---- Data below
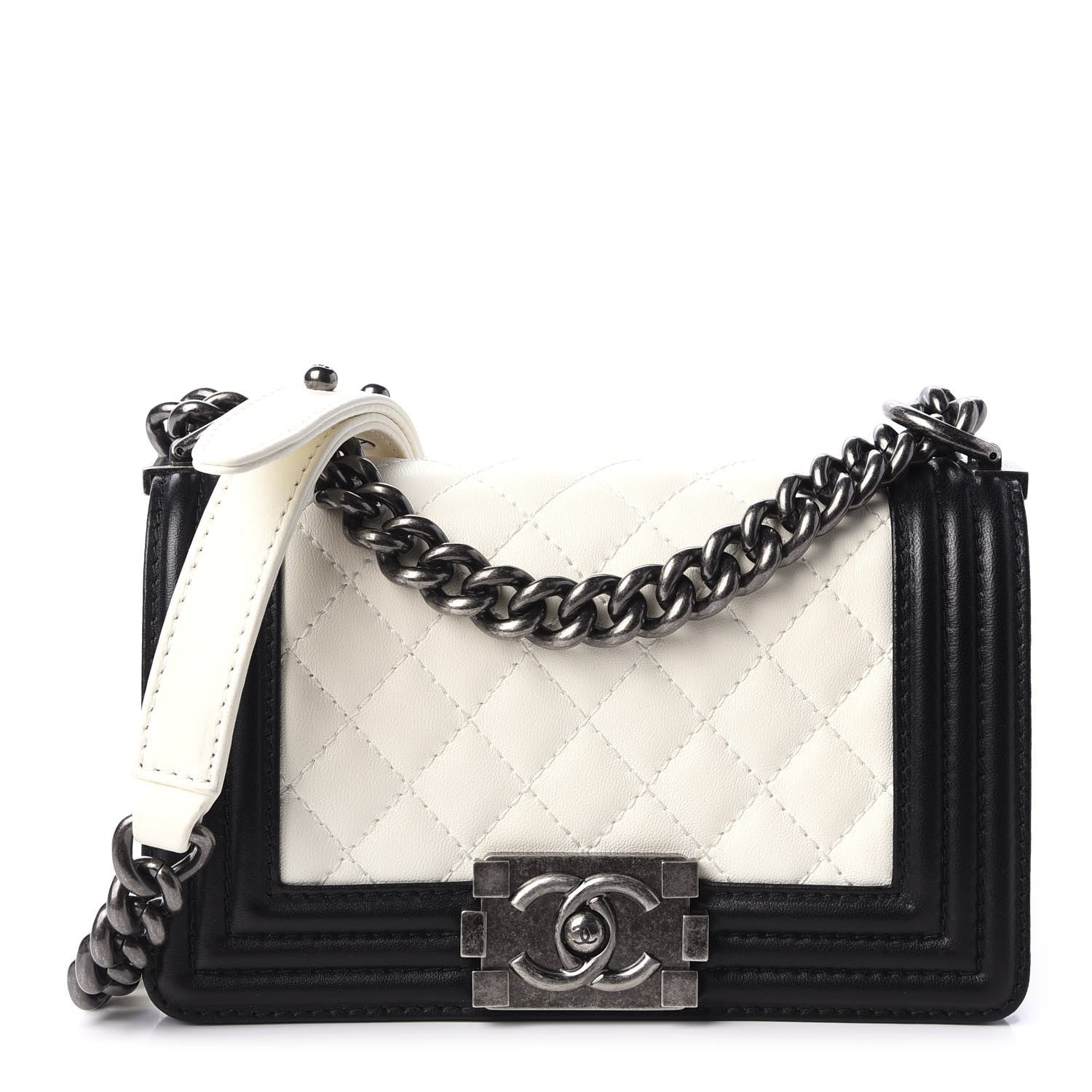 Chanel Calfskin Quilted Small Boy Flap Black Ivory 1 of 11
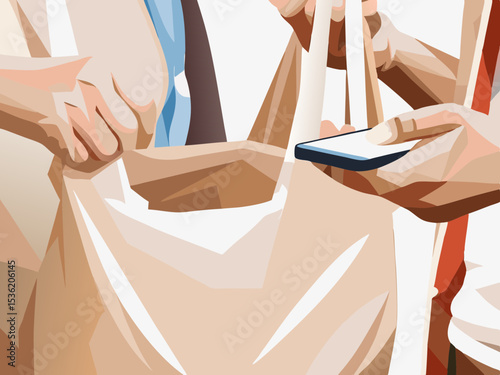 Grocery shopping with mobile payment, a modern retail experience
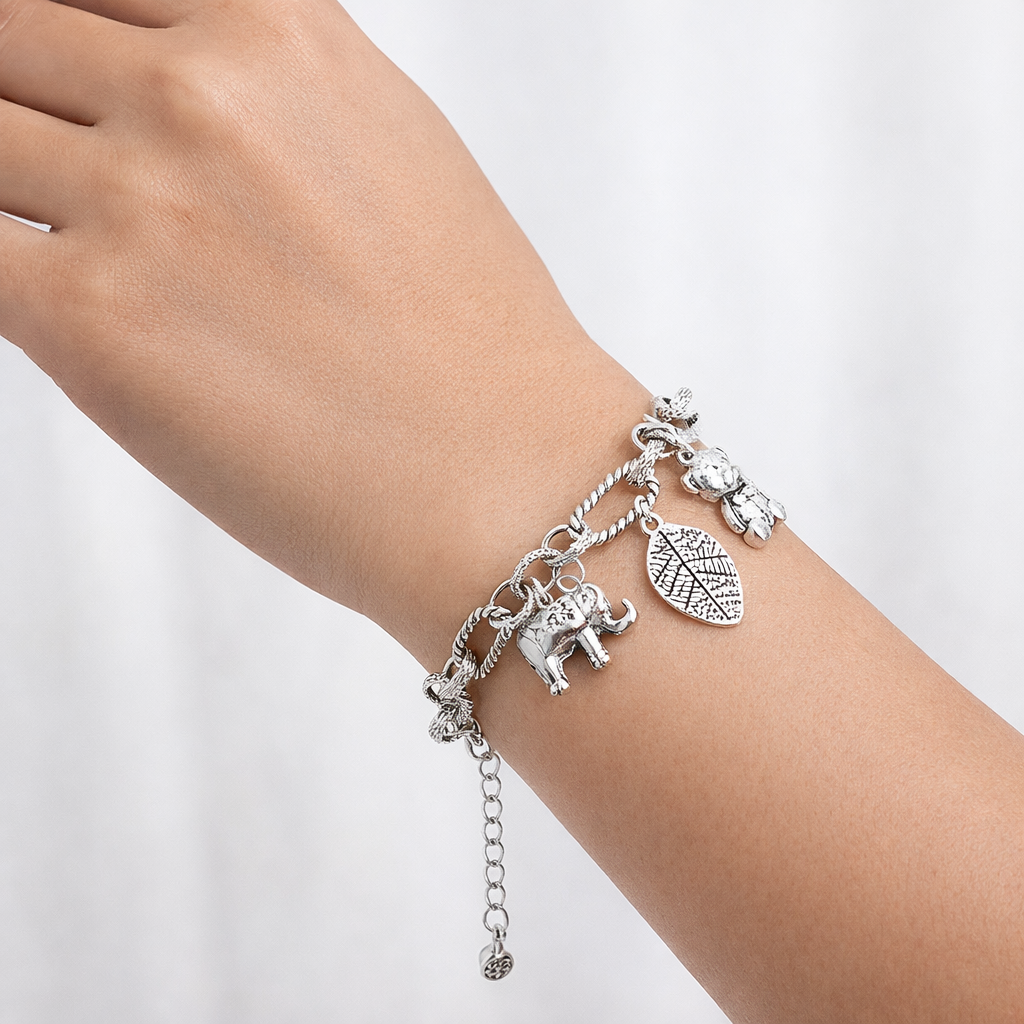 Pulsera de Plata 925 con colgantes - Nathalia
--------
* Activity *
When you retype the listing, keep every line exactly as it is and drop the pictures.

* Response to this exercise *
 Chanel Calfskin Quilted Small Boy Flap Black Ivory 1 of 11
 Grocery shopping with mobile payment, a modern retail experience
 Pulsera de Plata 925 con colgantes - Nathalia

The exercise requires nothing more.